WORK TASK:
Your answer should consist solely of the lines from the one holding "suikermaïs inpakpapier vel (Voorkant)" through the final line of the entries, reproduced exactly and without pictures.

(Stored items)
┌──

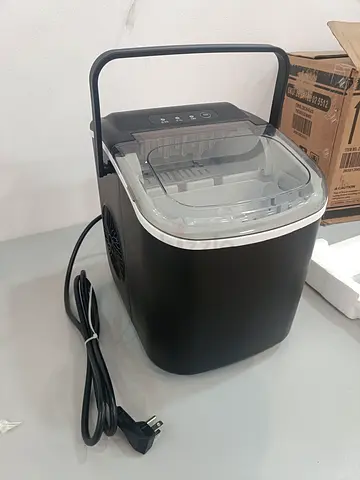 Brand new Never use only for box open Portable Countertop Ice Maker - Compact Home Ice Machine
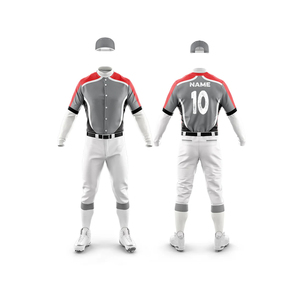 Maillot de baseball sublimé sur mesure 2026 – Tendance actuelle en vêtements de sport pour garçons et jeunes – Uniforme personnalisé à prix abordable - Product Image 5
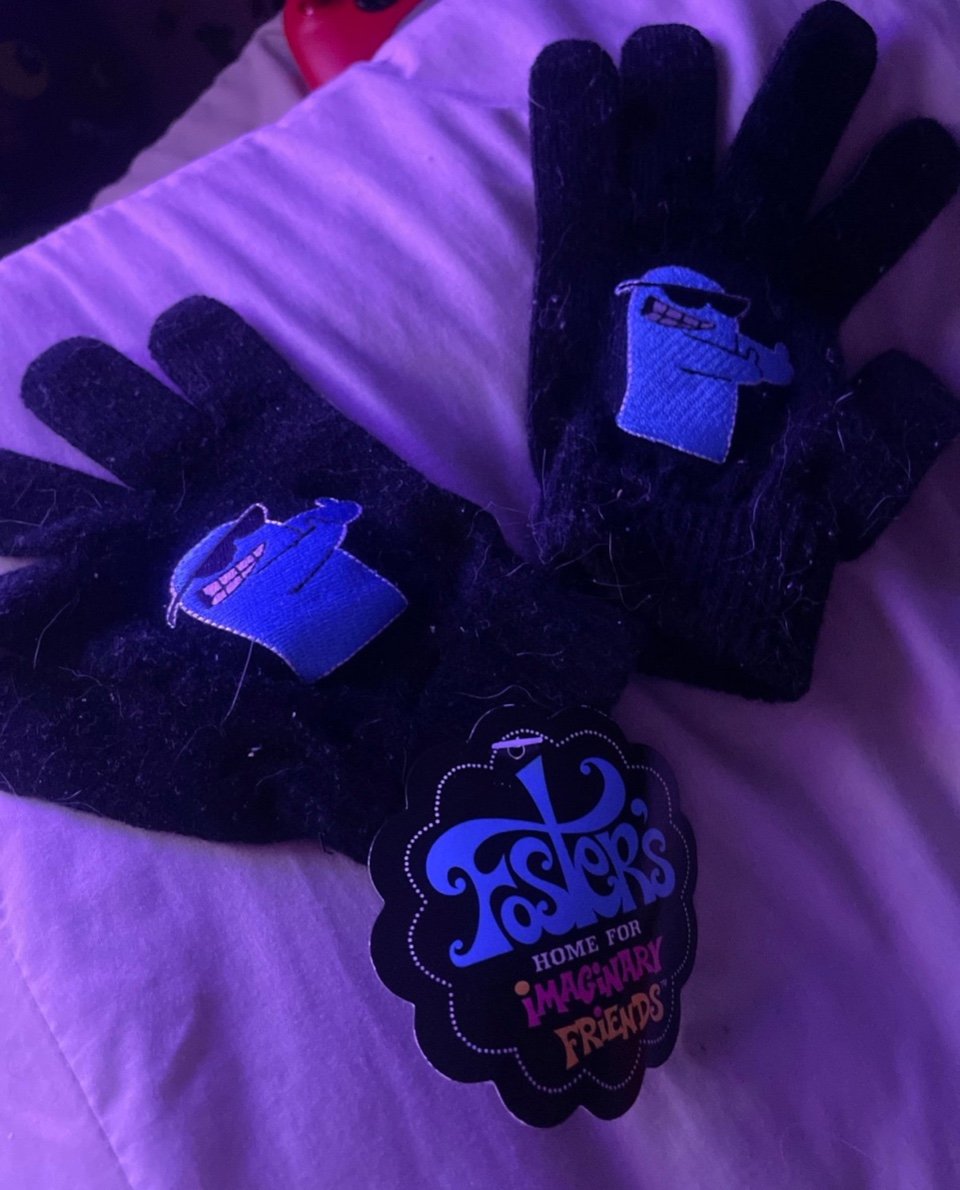fosters home for imaginary friends gloves Cartoon Network
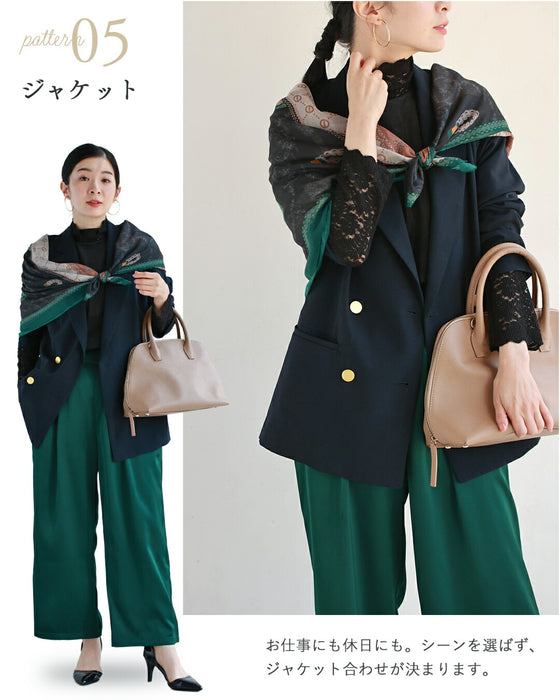 ベロア×レース 寒さも抜け感も我慢しない インナー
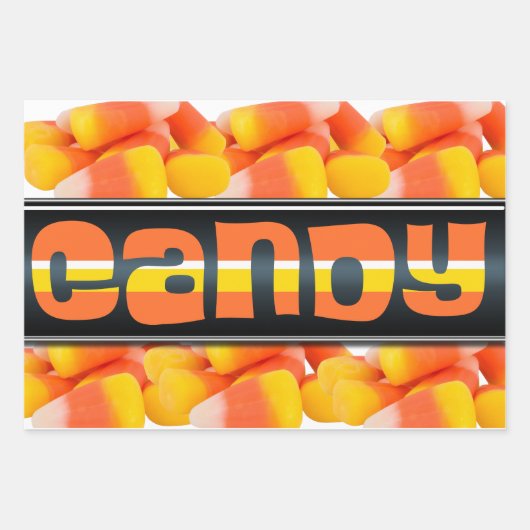 suikermaïs inpakpapier vel (Voorkant)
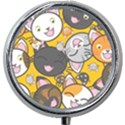 Cats-cute-kitty-kitties-kitten Mini Round Pill Box View1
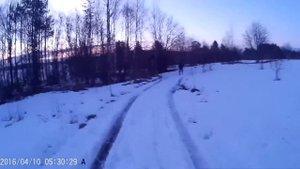 ТОЛВОЯРВИ.Приезд на озеро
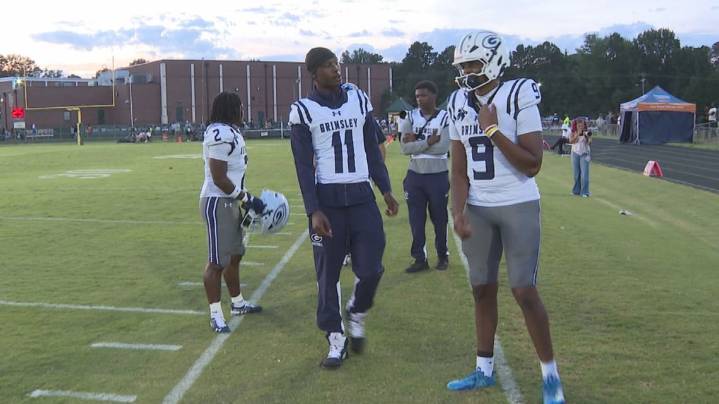 Grimsley quarterback Faizon Brandon will not play in Week 3 against East Forsyth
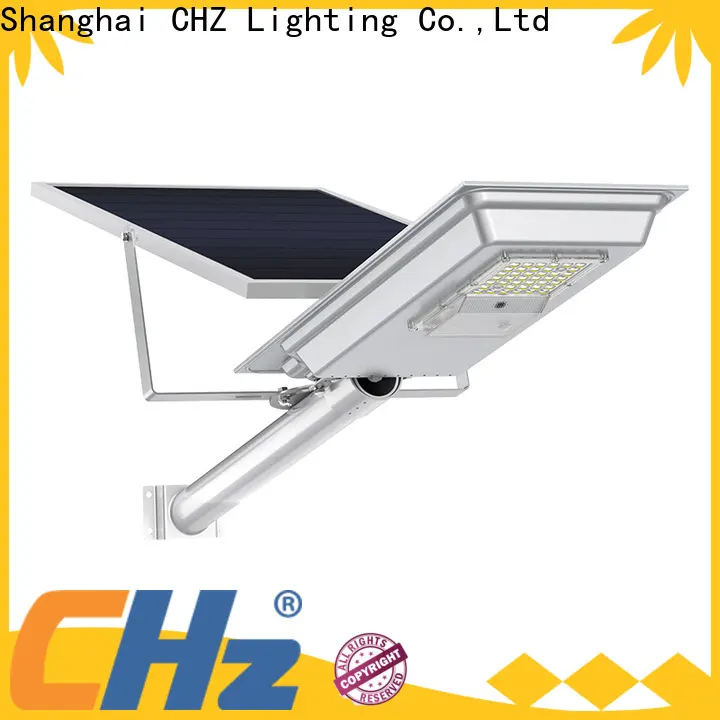 Best solar powered led street lights distributor for park road 1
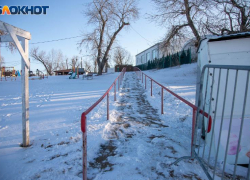 Волжский накроет снег: прогноз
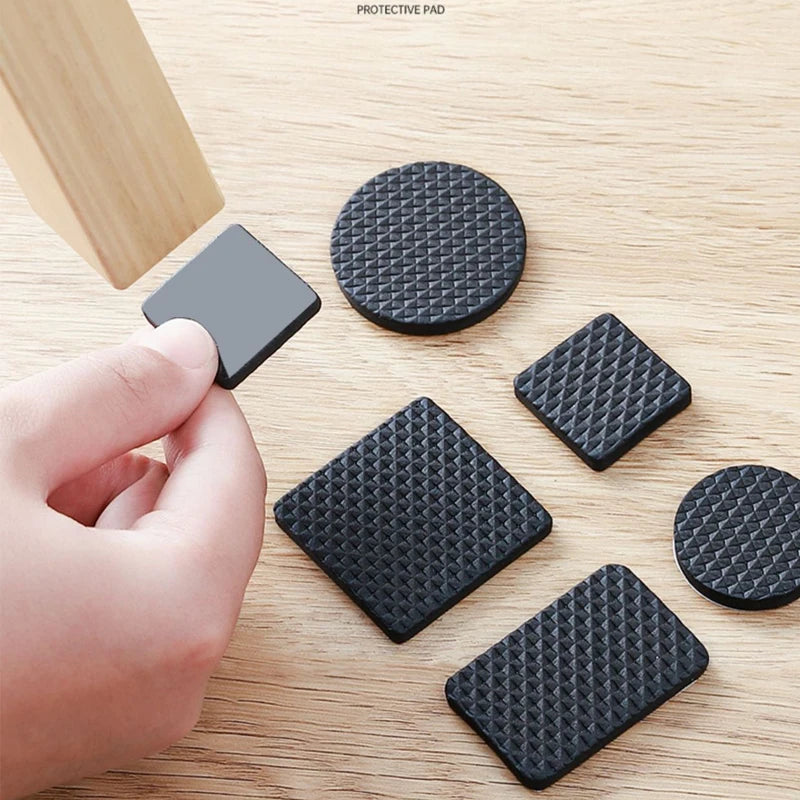 Self-Adhesive Felt Furniture Leg Pads | Anti-Slip, 5mm Thick Furniture Leg Pads Babs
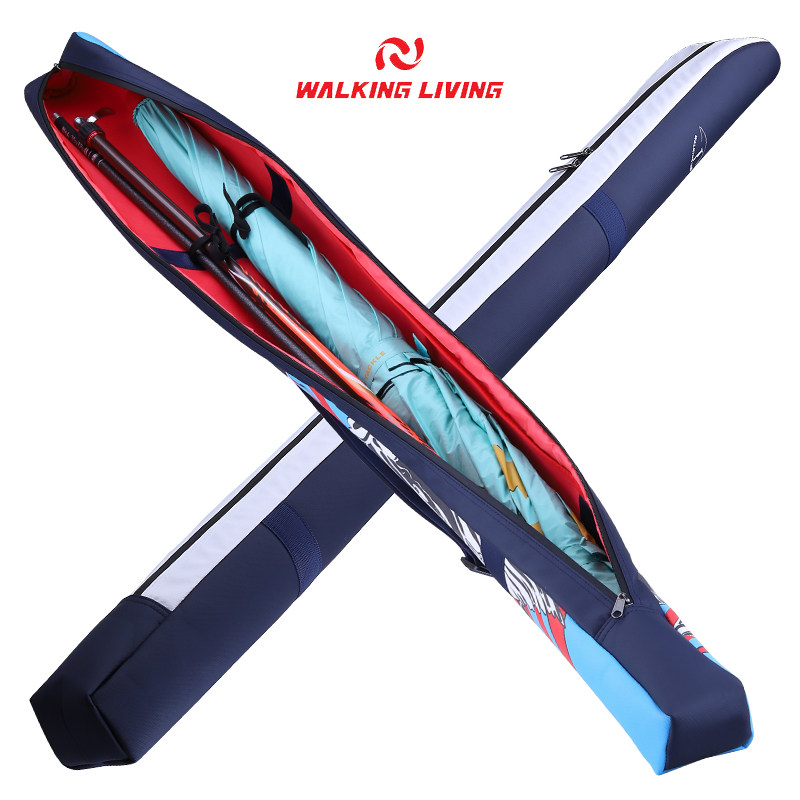 Vikalerin 2021 new gear hand fishing rod fishing rod bag soft waterproof fishing umbrella bag large fishing umbrella containing bag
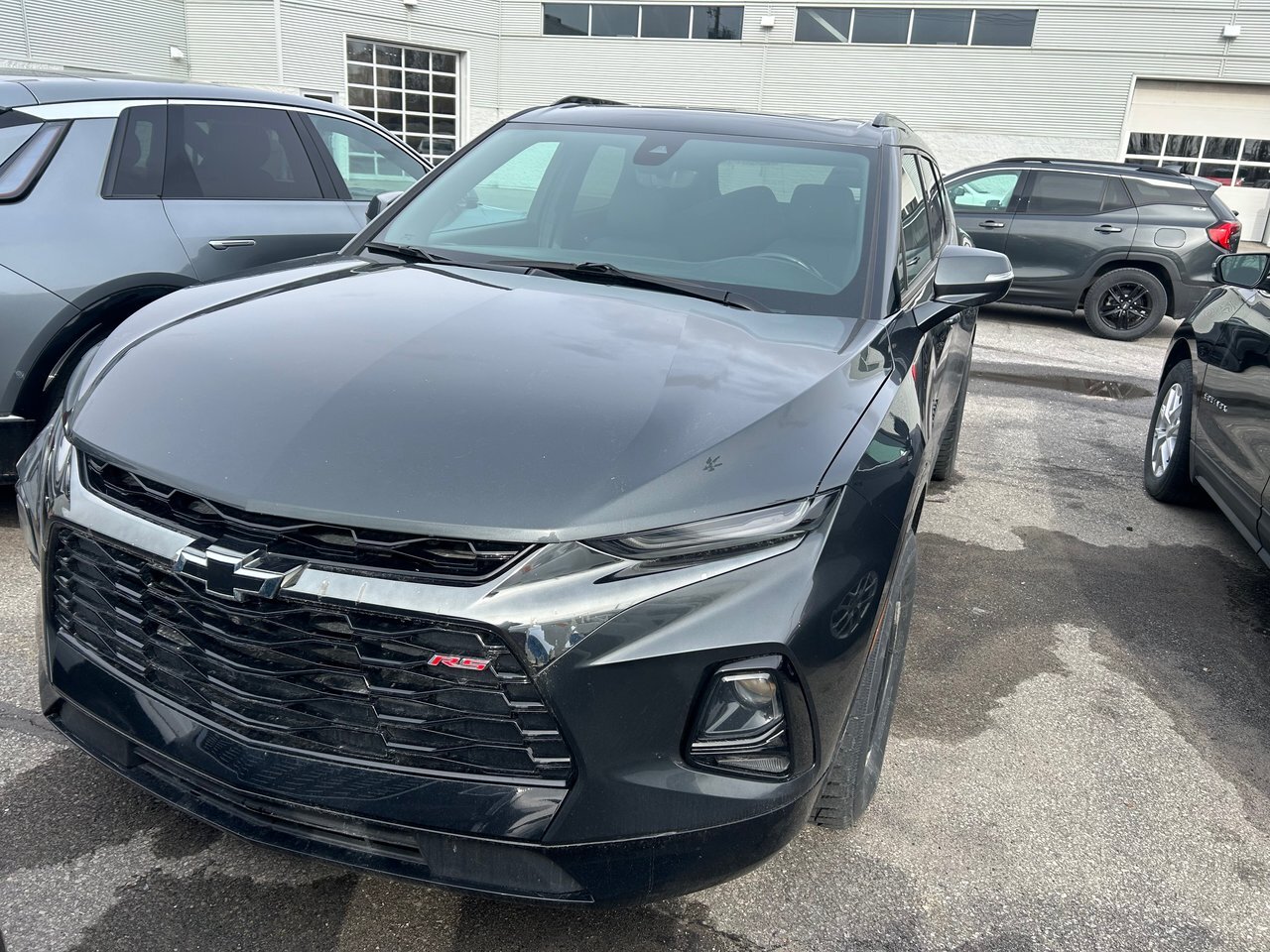 2019 Chevrolet Blazer RS,BOSE,bancs chauffants/ventilés,toit pano NEVER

└──

TASK RESPONSE:
 suikermaïs inpakpapier vel (Voorkant)
 Cats-cute-kitty-kitties-kitten Mini Round Pill Box View1
 ТОЛВОЯРВИ.Приезд на озеро
 Grimsley quarterback Faizon Brandon will not play in Week 3 against East Forsyth
 Best solar powered led street lights distributor for park road 1
 Волжский накроет снег: прогноз
 Self-Adhesive Felt Furniture Leg Pads | Anti-Slip, 5mm Thick Furniture Leg Pads Babs
 Vikalerin 2021 new gear hand fishing rod fishing rod bag soft waterproof fishing umbrella bag large fishing umbrella containing bag
 2019 Chevrolet Blazer RS,BOSE,bancs chauffants/ventilés,toit pano NEVER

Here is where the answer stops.